ENTRIES PROVIDED ::
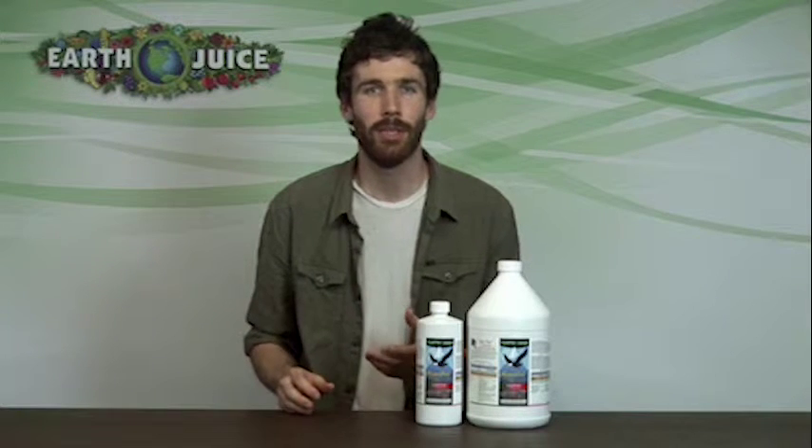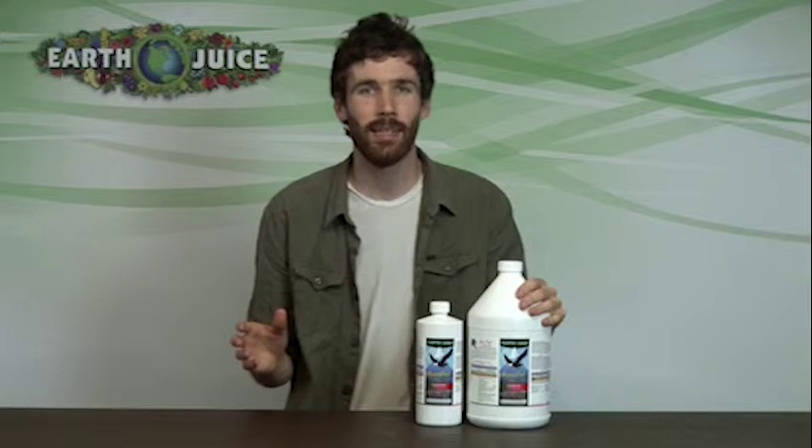Sugar Peak's natural-based liquid formulations are the ideal choice for the hobbyist who demands premium results, without the hassle and mess of mixing together multiple formulas, supplements and additives.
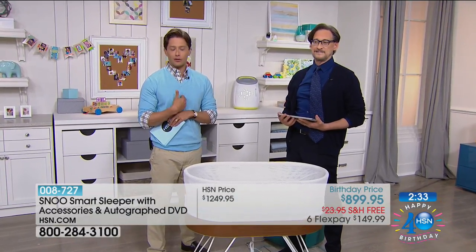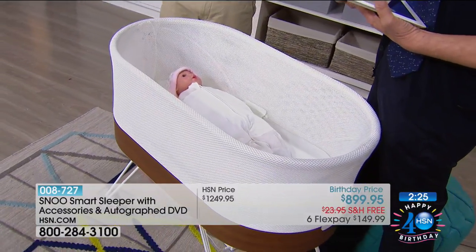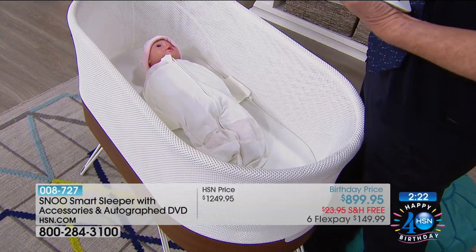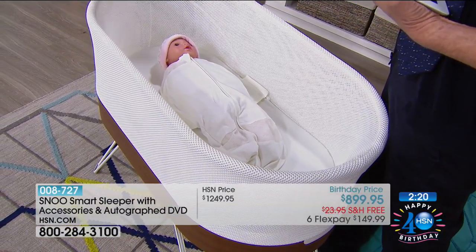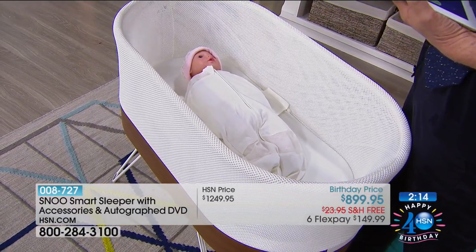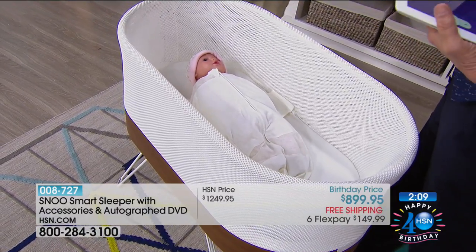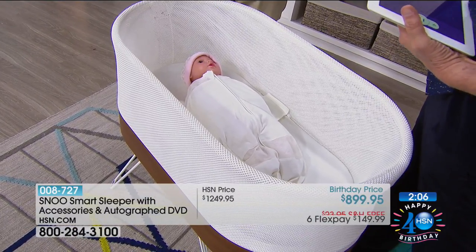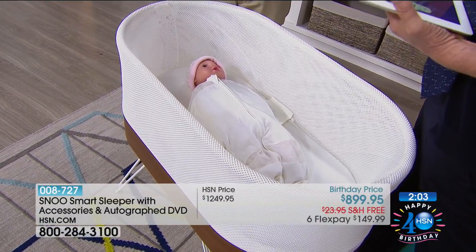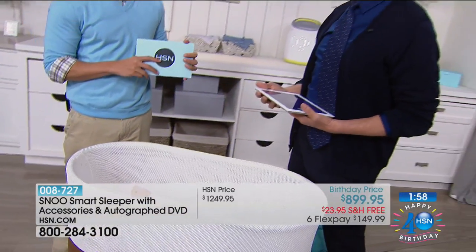We're so honored that Dr. Karp is offering our customers — the new parent, the grandparent, the soon-to-be aunt or uncle — far and away the lowest price in the entire industry. We have the opportunity to broadcast to millions of homes in America and say: this is the cutting-edge breakthrough that will change the way you feel and see the first few months of your child's life. Our goal is really to help parents — they're doing the most important job, raising children.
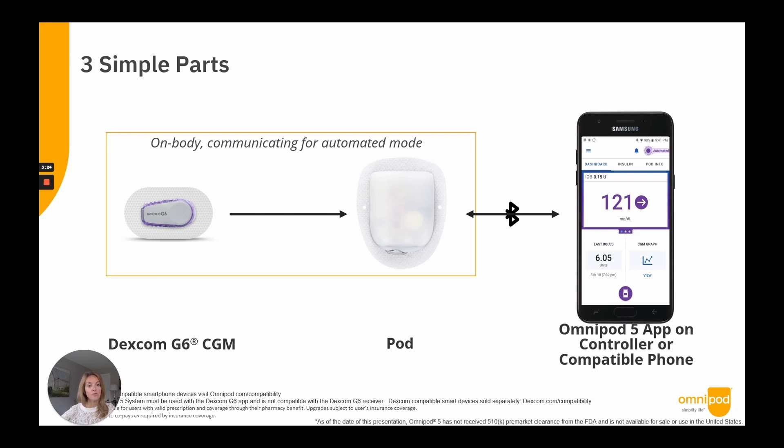Automated insulin delivery is possible when the Dexcom G6 CGM and pod are on body and communicating. The Omnipod 5 app is not required to be nearby for automated mode, but is used to view data and notifications, send insulin delivery commands, or activate and deactivate pods. A new feature will be a SIM card built into the controller — free for the user — that will automatically allow for data transmission to the cloud in real time. Note that the Dexcom G6 CGM is sold separately, and Omnipod 5 is only compatible with the G6 app on a smartphone, not the G6 receiver.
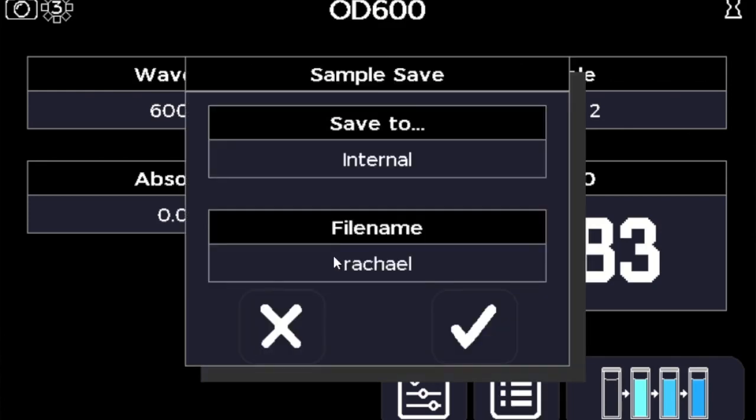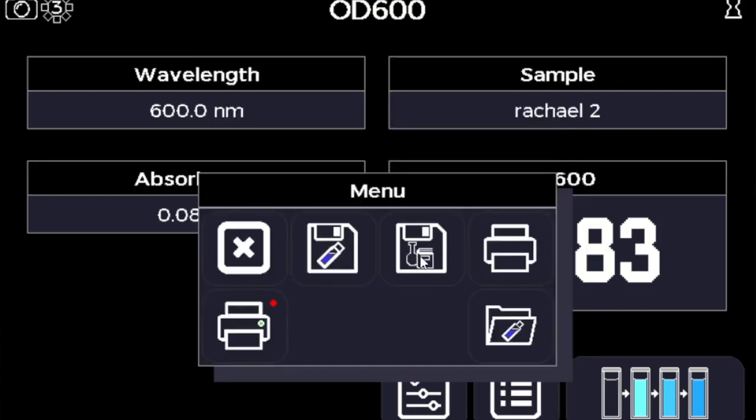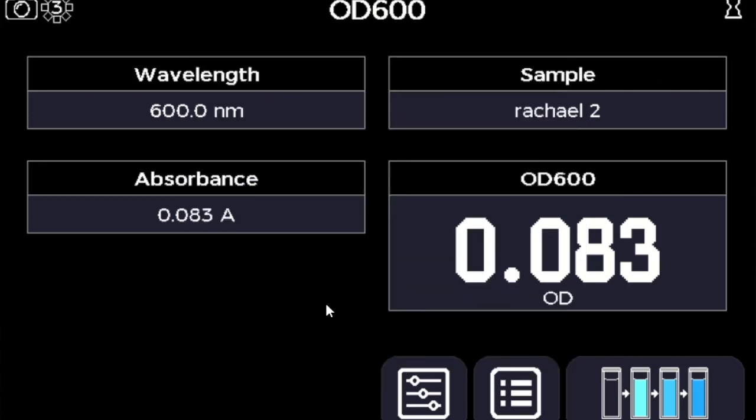You can save your results — it's very important to have multiple options to save these things — or you can even go back and save your method if you decide it's something you want to use again and again.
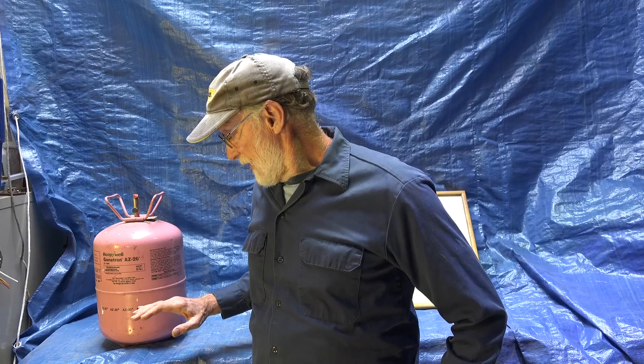This is different from R22 in that it has to use POE oil — polyol ester. The POE oil can't be mixed with mineral oil or alkylbenzene oil; they don't mix well and they make nasty stuff — little blobs of goo inside the system. It's not a drop-in replacement for R22.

WHAT YOU SHOULD DO ::
Could you return the whole listing exactly, images excluded?

REPLY ::
Sugar Peak's natural-based liquid formulations are the ideal choice for the hobbyist who demands premium results, without the hassle and mess of mixing together multiple formulas, supplements and additives.
We're so honored that Dr. Karp is offering our customers — the new parent, the grandparent, the soon-to-be aunt or uncle — far and away the lowest price in the entire industry. We have the opportunity to broadcast to millions of homes in America and say: this is the cutting-edge breakthrough that will change the way you feel and see the first few months of your child's life. Our goal is really to help parents — they're doing the most important job, raising children.
Automated insulin delivery is possible when the Dexcom G6 CGM and pod are on body and communicating. The Omnipod 5 app is not required to be nearby for automated mode, but is used to view data and notifications, send insulin delivery commands, or activate and deactivate pods. A new feature will be a SIM card built into the controller — free for the user — that will automatically allow for data transmission to the cloud in real time. Note that the Dexcom G6 CGM is sold separately, and Omnipod 5 is only compatible with the G6 app on a smartphone, not the G6 receiver.
You can save your results — it's very important to have multiple options to save these things — or you can even go back and save your method if you decide it's something you want to use again and again.
This is different from R22 in that it has to use POE oil — polyol ester. The POE oil can't be mixed with mineral oil or alkylbenzene oil; they don't mix well and they make nasty stuff — little blobs of goo inside the system. It's not a drop-in replacement for R22.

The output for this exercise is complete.